It is true. Self insurance is a sensible thing to do if you are large enough to be able to swallow a few big losses, as any insurance company will calcualte the same risks plus add in some profit.
The disadvantages of this are:
1 - the insurnace market operates in a 5 to 10 year cycle. When insurance is cheap it is called the "soft" market and this occurs when insurnace companies are keen to get business. When it is expensive this is called the "hard" market and this occurs when the new entries to the market have some big losses and decided they don't want ot play any more. In some soft times insurance can cost less than it should even those who self insure might be better off buying underpriced cover in the open market.

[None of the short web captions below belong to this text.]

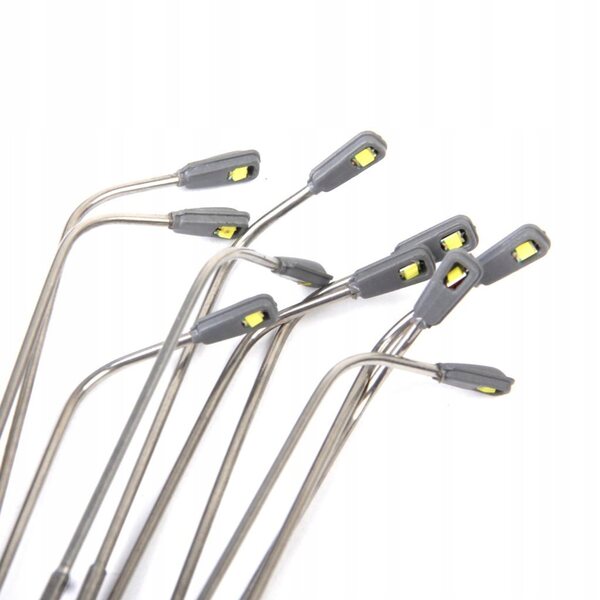 10 sztuk HO Model pociągu kolejowego Lampa LED Post Street Lights Pojedyncza głowica 1:100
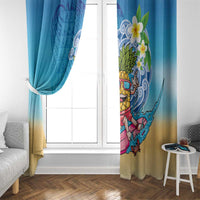 Hawaiian Funny Pineapple Surfing Window Curtain Beach with Tribal Kakau and Plumeria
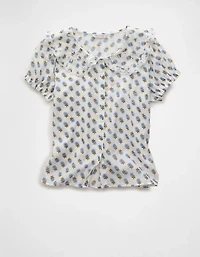 AE x The Summer I Turned Pretty Collared Puff Sleeve Blouse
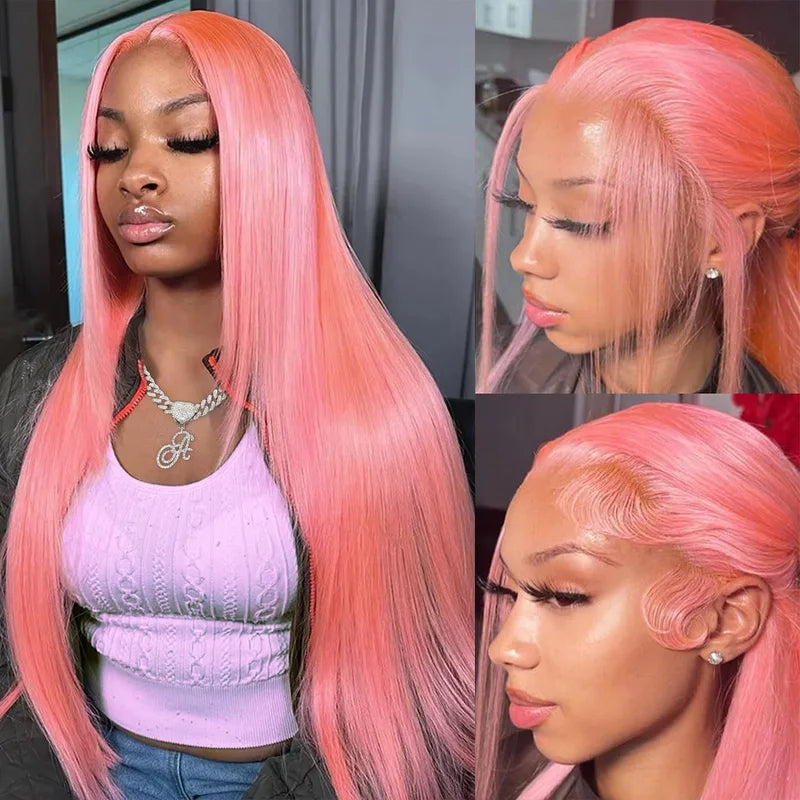 Pink Human Hair Wig 30-32 Inch Lace Front & HD Frontal, Natural Style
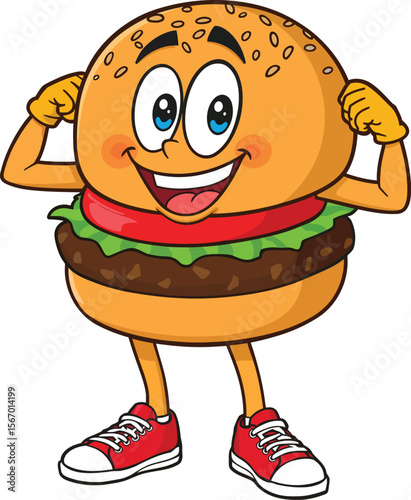 Strong burger mascot logo icon flexing arms vector illustration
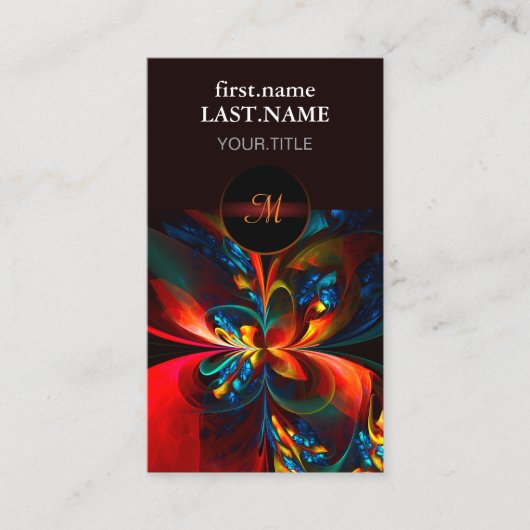 Moderne Bloemen Abstracte Kunst Sinaasappel Blauw Visitekaartje (Voorkant)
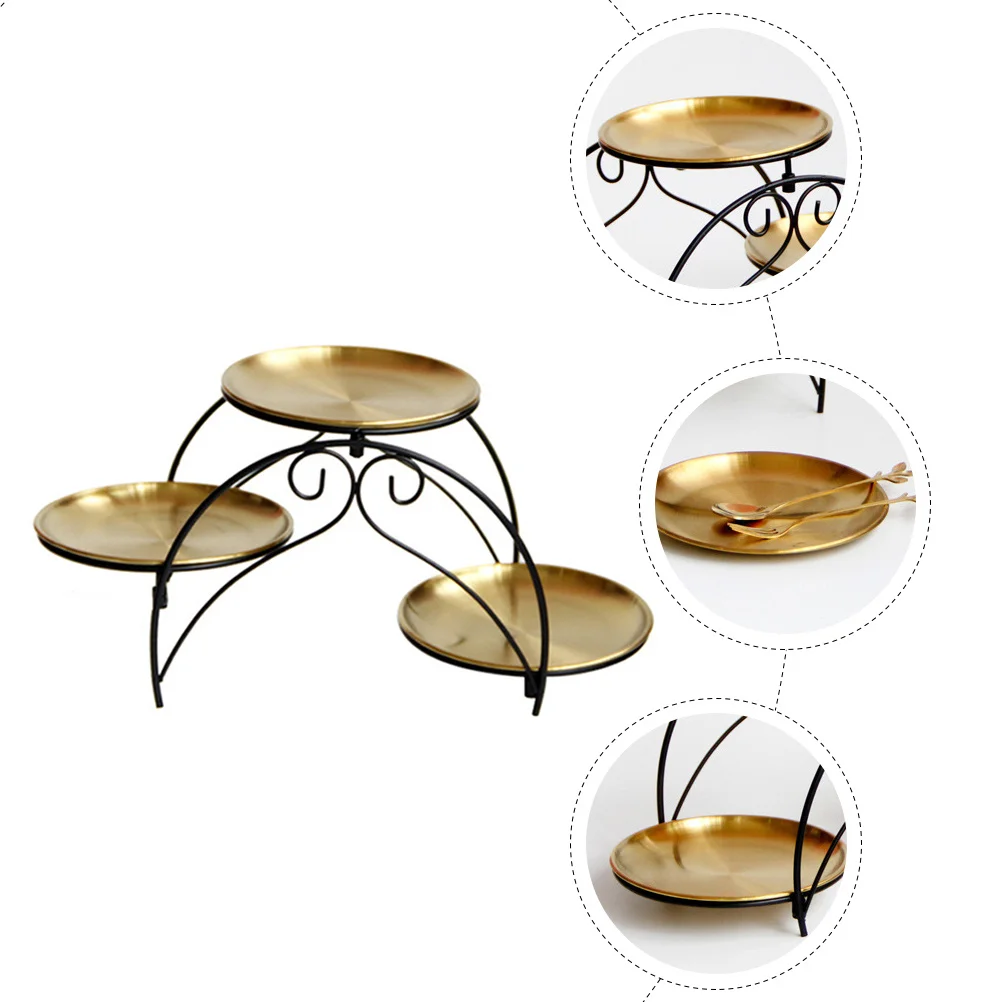 

1 set 1 Set 3-Layer Dessert Stand Cake Display Rack Iron Snack Serving Tray Desktop Fruit Holder Storage Bracket Birthday Party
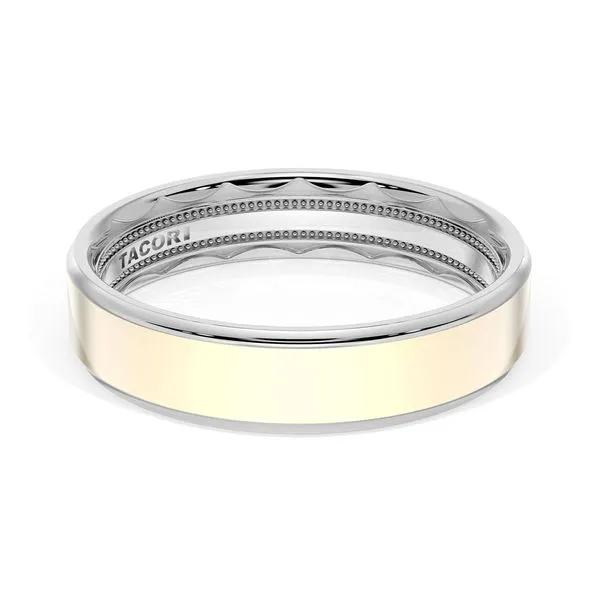 Flat High Polish Finish Wedding Band in 18kt White Gold & 18kt Yellow Gold Aires Jewelers Morris Plains, NJ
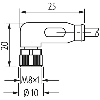 M08A Fem Coudé 3p; Câble PUR 3x0.25 Noir Robot Cpc 3m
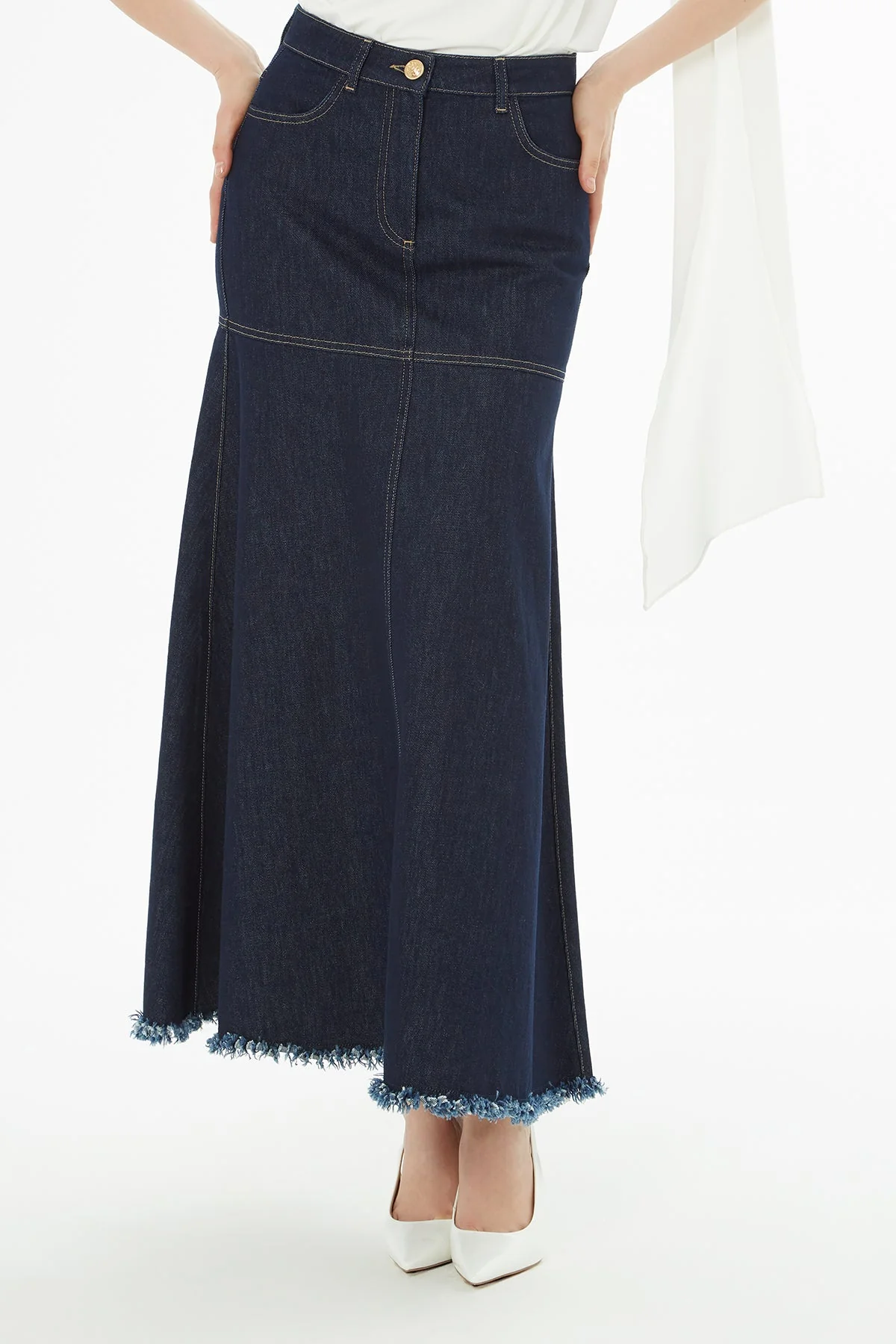 Denim Ruffled Maxi Skirt - Image 4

2 - insurnace companies employ people like me who go round and tell you to install fire detection or move the bins away, this reduces their losses. If those who self insure don't manage their risks well, they might have more losses than they can afford.
All local authorities used to self insure in a big pot. It was called Municipal Mutual. It went bust becase no matter hw much they put the premiums up by the losses kept growing. Partly due to bad risk management, partly cos they paid out on every claim, even those that were not covered by the policy.
Zurich Municipal took over Municipal Mutual about 13 years ago I think and kept many of the staff, which is why they tend to understand local authorities pretty well and still are the main player in a market that many insurers are still scared off due to the school fire problem.
So in summary, good risk management is the key to insurance.
In recent times some local authorities, Hampshire I think self insure. As does the NHS. It is also common for massive UK companies. Self insurers (captives) tend to be run from tax haven such as Bermuda.